Taehyung kesal sudah. Ia tidak suka dipaksa sebenarnya. Tapi yang tadi hanya main-main, sungguh. Ia tidak benar-benar membentak atau meneriaki Jimin. Kurang ajar saja jika Ia benar-benar membentak Jimin yang nyatanya sedang mengkhawatirkannya itu.

"Ya sudah, terserah. Kalau kau sakit, aku tidak peduli lagi."

Taehyung menghela nafas pelan. Ia melirihkan kata maaf sebelum beranjak dari duduknya, lalu melangkahkan kaki entah kemana. Ia terlalu tertekan. Dan kelihatannya tadi Jimin seperti marah, kesal, kecewa? Taehyung benar-benar tidak bermaksud membantah Jimin.

Taehyung terus melangkahkan kakinya hinga Ia tersadar jika Ia sudah berada di perpustakaan. Entah apa yang membawa kakinya ke sini, Ia turuti saja. Ia kembali melangkah masuk, mencari tempat sepi untuk setidaknya mengistirahatkan otaknya yang masih panas karena pelajaran di kelas tadi.

Taehyung memejamkan matanya saat Ia sudah mendapatkan tempat yang tepat untuk beristirahat. Sepi dan tenang. Cocok sekali. Ia hanya memejamkan mata, tidak tertidur. Ia masih berada di posisinya hingga Ia mendengar suara bel berbunyi. Tak ingin berlama-lama membuat Jimin khawatir, Taehyung beranjak dari posisinya lalu berjalan sedikit tergesa ke kelasnya.
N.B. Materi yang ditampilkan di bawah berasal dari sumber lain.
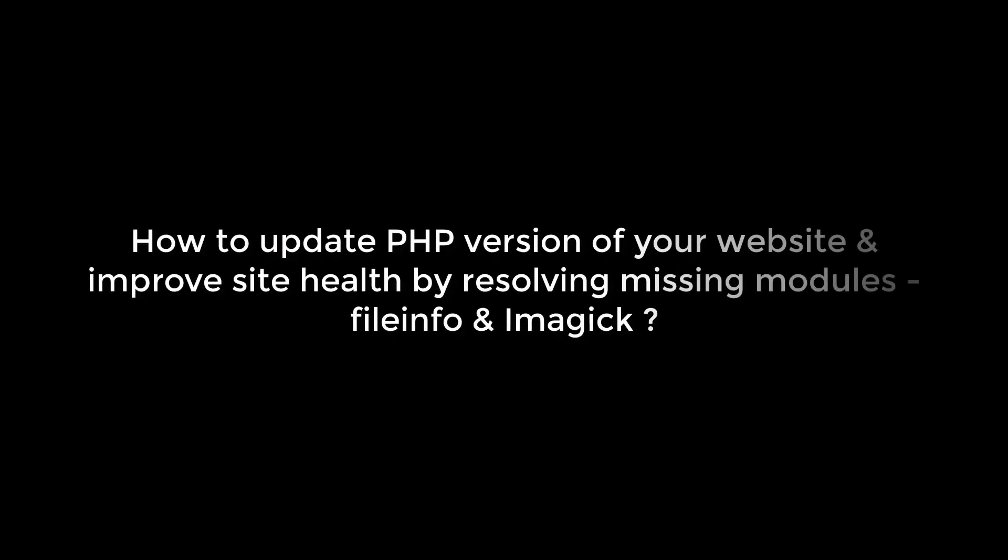Greetings everyone. Today we are going to learn how to update the PHP version of your WordPress website, improve site health by resolving missing modules, fileinfo and Imagick.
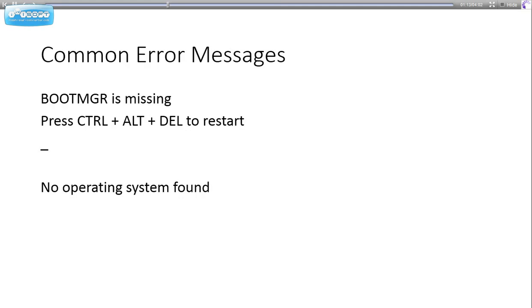These are common error messages: 'Boot manager is missing,' 'Press Ctrl Alt Delete to restart,' and 'No operating system found.' These are some common operating system error messages that you might encounter.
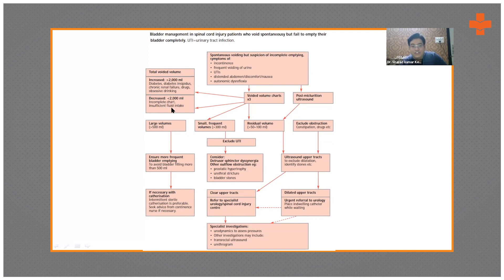If bladder volumes are very large — more than 500 ml — ensure more frequent emptying to avoid the bladder filling beyond 500 ml. If the patient is voiding spontaneously, ask them to empty frequently; if necessary, use self-clean intermittent catheterization.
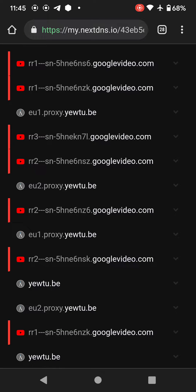How to watch YouTube completely anonymously. I'm using NextDNS to block all the queries from Google. googlevideo.com is a subdomain of Google, and I'm blocking that particular subdomain and using a YouTube proxy to watch all of my videos. Basically, my identity is completely anonymous as I am watching YouTube through a proxy.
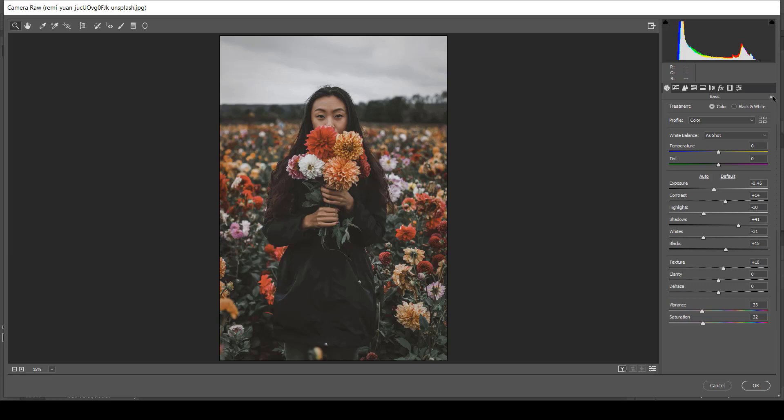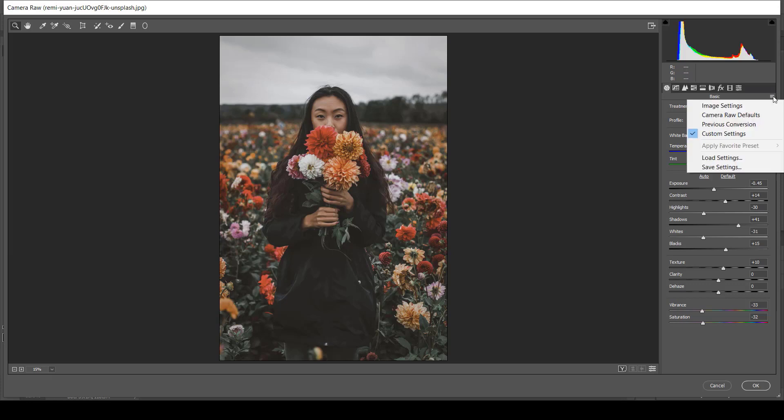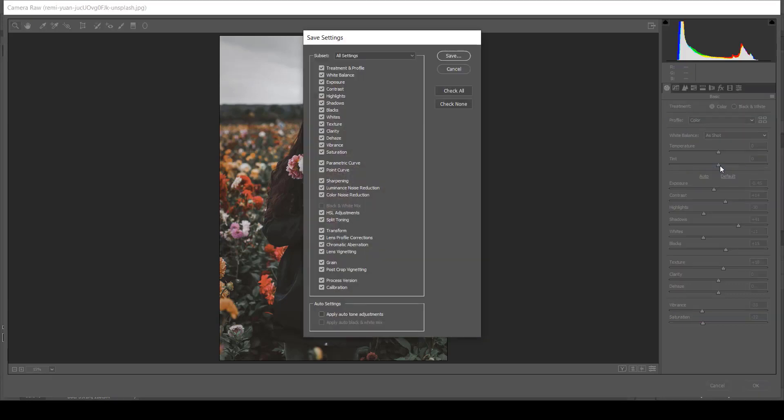So after everything is done, we are going to save these settings and use them on another picture.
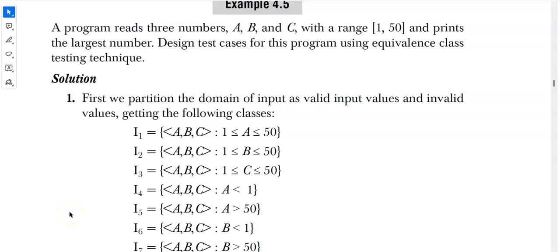The question: a program reads three numbers a, b, c with range 1 to 50 and prints the largest number. Design test cases for this program using the equivalence class testing technique. The range for these three numbers is 1 to 50, and the second requirement is to print the largest number.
Tanpa diduga, di tengah perjalanan Ia melihat Seokjin. Berdiri sendiri di sisi kanan koridor. Wajahnya terlihat seperti, patah hati? Tidak, tidak mungkin. Taehyung menggeleng pelan, menepis semua pemikiran negatifnya tentang Seokjin, menepis semua rasa pedulinya pada Seokjin. Ia sudah bertekad untuk menjauh, sudah bertekad untuk tidak menggubris Seokjin lagi. Jadi yang dilakukannya hanya melangkah melalui sosok Seokjin yang memandangnya dengan tatapan yang sulit diartikan. Taehyung pun mengabaikan suara Seokjin yang menyebut namanya berkali-kali. Tidak, Ia tidak boleh jatuh ke jurang yang sama untuk yang kedua kalinya.


Namjoon mendesis pelan. Kondisi sahabatnya kali ini terlihat memprihatinkan, sangat. Jauh dari kata baik-baik saja, bahkan sangat jauh. Namjoon tidak tau jika sahabatnya bisa sefrustasi ini hanya karena kehilangan pujaan hati yang selama ini dicintainya sepenuh hati. Nah, Namjoon sudah mengingatkan tapi Seokjin keras kepala. Beginilah jadinya. Namjoon yang benar, dan Seokjin yang salah. Karena pada dasarnya, sahabatnya yang satu ini terlalu bodoh karena selalu dibutakan oleh cinta yang sama butanya.

Namjoon ingat, dua hari yang lalu Seokjin masih tersenyum. Ia masih sering menceritakan tentang kencannya hari ini dengan wajah berseri-seri. Tapi sejak kemarin, senyuman di wajah Seokjin luntur. Ia bahkan tidak ingin mencerna apapun untuk lambung dan hatinya. Ia menolak makan, minum, dan mengacuhkan nasihat Namjoon. Seokjin terlihat sangat hancur, astaga.

Namjoon kira Seokjin seperti ini hanya karena Chan Ri yang meninggalkannya tanpa alasan yang masuk akal. Ternyata bukan itu saja. Namjoon masih ingat, tadi malam Ia mendengar Seokjin mengigau. Dan yang disebutkan namanya bukan nama Chan Ri atau nama gadis lain. Bukan namanya juga, bukan nama ayah dan ibu Seokjin yang sudah lama pergi. Itu Taehyung, nama Taehyung.

Namjoon hanya mampu menutup mulutnya. Ia tidak ingin membuka mulutnya dan semakin menyakiti perasaan sahabatnya. Meskipun terkenal dengan dirty talk kurang ajarnya pada siapapun, Namjoon juga masih memiliki perasaan. Ia tau Seokjin sakit, Ia tau. Jadi Ia hanya akan diam, sampai Seokjin akan kembali seperti dulu. Itu harapan Namjoon; Seokjin kembali seperti dulu.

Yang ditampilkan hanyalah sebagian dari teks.